Atualizado em 9 de março de 2015 às 12:29
Angélica a caminho do Projac
Angélica a caminho do Projac

 

 

Uma assistente roubou a cena no episódio em que a apresentadora Angélica foi hostilizada na Universidade Federal do Estado do Rio de Janeiro (UniRio). Prestativa, a moça negra segura um guarda-sol enquanto Angélica sai das instalações da universidade. Não demorou para surgirem no Twitter comparações à relação sinhá-mucama do passado escravocrata do país.

Em um primeiro momento a analogia parece exagerada. Assistentes levando sombrinhas para artistas são parte da rotina da TV e do cinema, como lembrou a atriz Mika Lins.

“Não sou amiga da Angélica mas não posso ser hipócrita: quando gravamos externa na Globo sempre tem uma equipe da produção que nos protege do sol ou da chuva enquanto esperamos para gravar. Isso para não derreter o make ou molhar cara, cabelo e figurino. Já tive alguém segurando a sombrinha para mim, sem que essa pessoa estivesse em situação de humilhação e sem que eu a deixasse de tratar com respeito pelo (sic) sua função naquele momento. Segurando um guarda chuva, me trazendo uma cadeira ou servindo um copo d´agua”, escreveu em sua conta no Instagram.

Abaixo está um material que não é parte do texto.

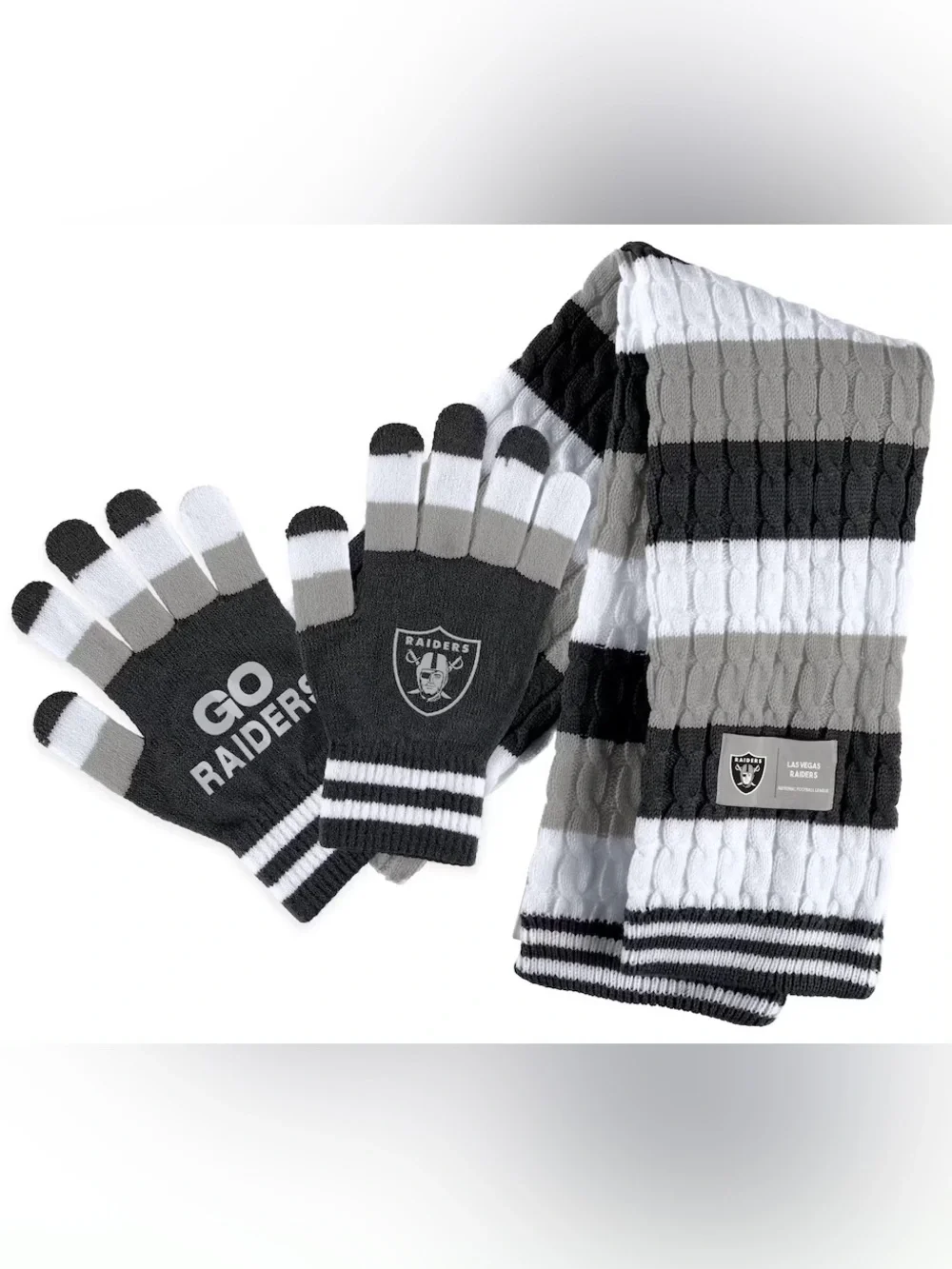 $50 Las Vegas Raiders WEAR by Erin Andrews Women's Striped Scarf & Gloves Set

Congelada e isolada do contexto, é uma cena qualquer de bastidor de produção televisiva. No máximo mostra como as celebridades são bajuladas. Não pode ser comparada, em relação ao significado, a um quadro de Debret, pintor francês que documentou cenas da sociedade brasileira do século XIX.

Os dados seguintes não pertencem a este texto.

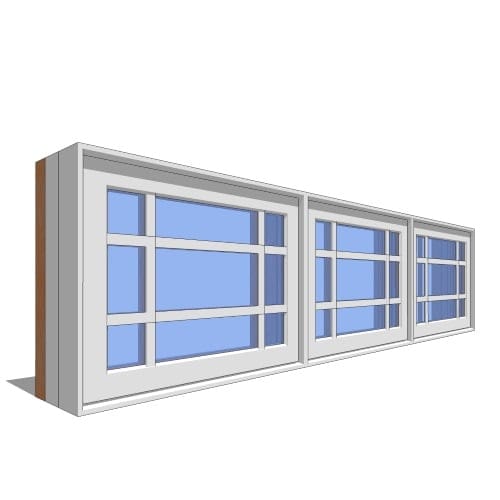 preview of Premium Series™ Window Revit Object: Casement Transom - 3 Wide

Lázaro Ramos, por exemplo, já foi flagrado em situação parecida durante a gravação de uma novela. Chamá-lo de capitão do mato por causa da foto seria imbecilidade das grandes.

Mas as circunstâncias do incidente na UniRio permitem sim associar a postura da assistente com o papel das mucamas – escravas que faziam trabalhos domésticos e serviam às senhoras durante os passeios.

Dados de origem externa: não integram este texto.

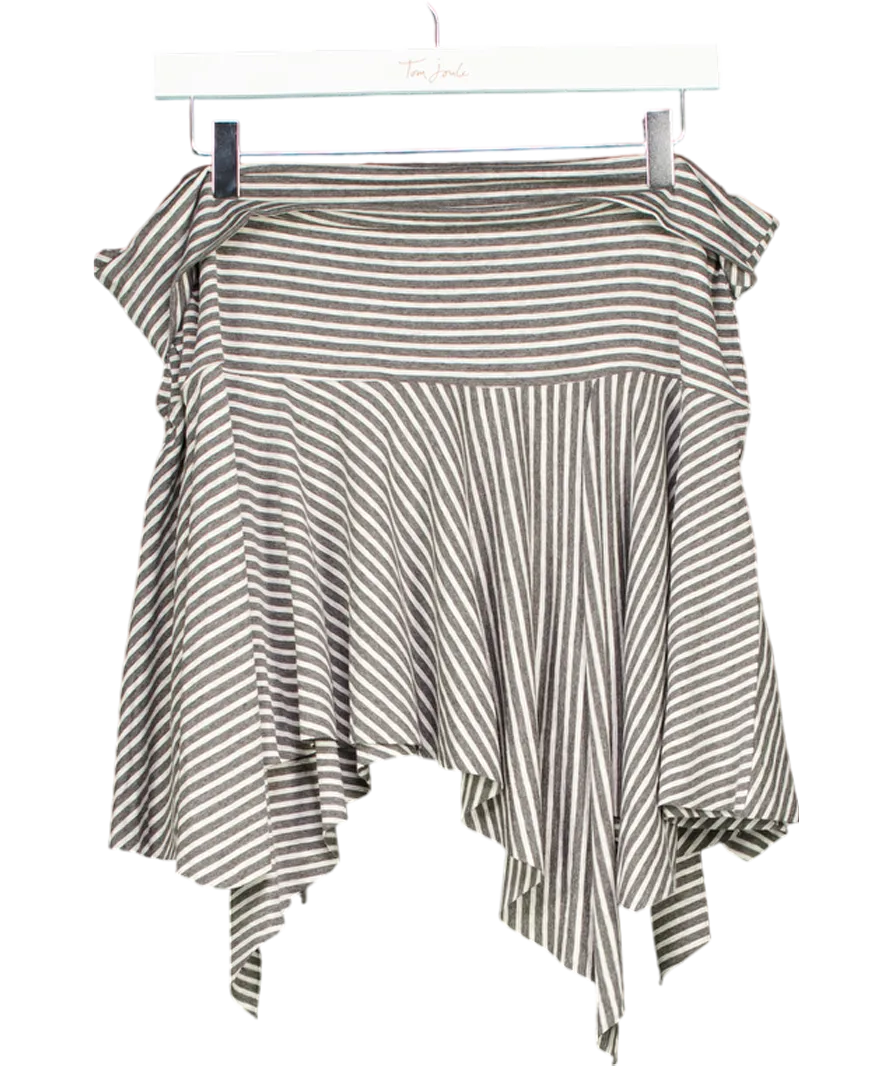 Urban Outfitters Grey Ari Stripe Asymmetric Mini Skirt UK XL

Angélica, ali, não era apenas uma apresentadora loirinha e bonitinha gravando um programa de amenidades. Ao ser expulsa de uma universidade pública sob os gritos de “o povo não é bobo, abaixo a Rede Globo”, ela personificou uma empresa de comunicação alinhada com tudo o que significa de mais atrasado: apoio à ditadura militar, jornalismo tendencioso, manutenção de estereótipos raciais, teledramaturgia alienante e sonegação fiscal.

No campus da UniRio foi encenada uma peça onde os papéis estavam bem definidos. A Globo era a Casa Grande. Angélica era a sinhá contrariada e a assistente, com todo respeito, encenou muito bem o papel de mucama.